In computer science, a deterministic algorithm is an algorithm that, given a particular input, will always produce the same output, with the underlying machine always passing through the same sequence of states. Deterministic algorithms are by far the most studied and familiar kind of algorithm, as well as one of the most practical, since they can be run on real machines efficiently.

Formally, a deterministic algorithm computes a mathematical function; a function has a unique value for any input in its domain, and the algorithm is a process that produces this particular value as output.

Formal definition

Deterministic algorithms can be defined in terms of a state machine: a state describes what a machine is doing at a particular instant in time. State machines pass in a discrete manner from one state to another. Just after we enter the input, the machine is in its initial state or start state. If the machine is deterministic, this means that from this point onwards, its current state determines what its next state will be; its course through the set of states is predetermined. Note that a machine can be deterministic and still never stop or finish, and therefore fail to deliver a result.

Examples of particular abstract machines which are deterministic include the deterministic Turing machine and deterministic finite automaton.

Non-deterministic algorithms

A variety of factors can cause an algorithm to behave in a way which is not deterministic, or non-deterministic:

  • If it uses an external state other than the input, such as user input, a global variable, a hardware timer value, a random value, or stored disk data.
  • If it operates in a way that is timing-sensitive, for example, if it has multiple processors writing to the same data at the same time.

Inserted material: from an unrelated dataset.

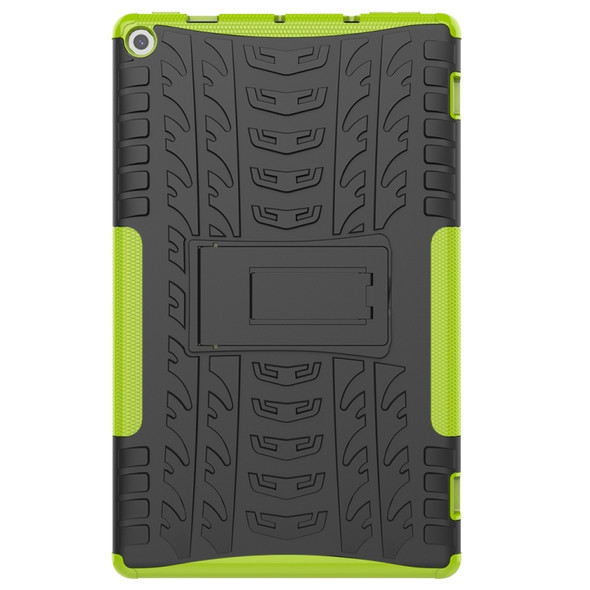 For Amazon Kindle Fire HD 10 2019 Tire Texture TPU + PC Shockproof Case with Holder(Green)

In this case, the precise order in which each processor writes its data will affect the result.
  • If a hardware error causes its state to change in an unexpected way.

Although real programs are rarely purely deterministic, it is easier for humans as well as other programs to reason about programs that are. For this reason, most programming languages and especially functional programming languages make an effort to prevent the above events from happening except under controlled conditions.

The prevalence of multi-core processors has resulted in a surge of interest in determinism in parallel programming and challenges of non-determinism have been well documented.[1][2] A number of tools to help deal with the challenges have been proposed[3][4][5][6] to deal with deadlocks and race conditions.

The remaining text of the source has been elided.